Steve Jobs – The Real Lesson of Managing Growth


Much has been written about Steve Jobs; certainly, the release of his biography will have people talking for a long time about the person. Readers will want to catch a glimpse into Jobs’ inner qualities, looking for those transferable and teachable lessons of how he successfully led the world into a more modern digital age.

One aspect of the Apple success story and Steve Jobs is rooted in the category life cycle approach to product management. It is a simple lesson that can be followed by any company competing in the growth phase of a category lifecycle. Steve Jobs happened to be a master at the simple approach. image

The category life cycle is a Boston Consulting Group model that divides categories into stages (intro, growth, maturity, decline). The model gives guidance to how a business should build a participation strategy that can win in each stage. Apple competes in categories that are in the growth phase, of course, with the exception of its PC business which is in a mature phase.

Lessons of Winning in the Growth Phase

1. Continuous innovation to replace existing products. Competing in the growth phase of the category lifecycle demands distinct, ownable differentiation that makes its own or other products obsolete.

2. The leaders realize they do not continuously stay leaders.
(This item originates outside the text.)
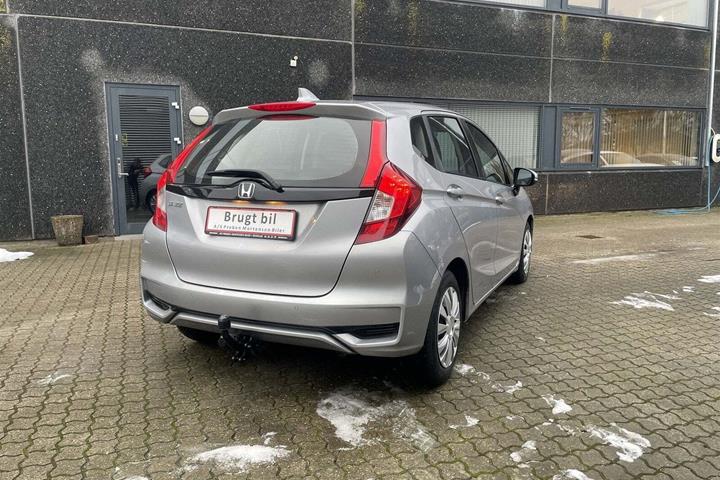 Grå Honda Jazz fra 2018
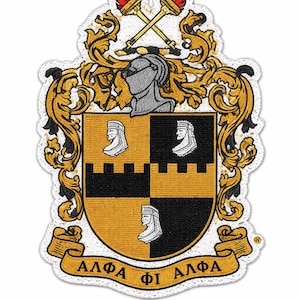 Może przedstawiać: Haftowana naszywka z motywem herbu w kolorze złotym i czarnym. Herb zawiera hełm rycerski, skrzyżowane pochodnie i greckie litery Alpha Phi Alpha. Naszywka ma białą obwódkę.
Competitors can be bigger and more innovative at times. Over time, leaders worry most about continued differentiation to gain share.

3. Price for long term profitability. Price to recover costs and make healthy profits  from the beginning. If the product does not warrant higher prices and strong margin, it does not get released.

4. Building a strong brand in the growth phase should focus on a single emotional tie to the consumer. Without emotional attachment, technology (or any type of physical differentiation) is quickly replaced.

imageSteve Jobs will be remembered as a founder of a great company, but his true business fame is illustrated on the accompanying chart. When Jobs reentered the Apple Company in 1997 after several years of “executive managers” at the helm, the stock was underperforming and the product pipeline was stuffed with weak offerings. Between 1997 and 2011, Apple’s stock rose 1400% and beat major stock indices.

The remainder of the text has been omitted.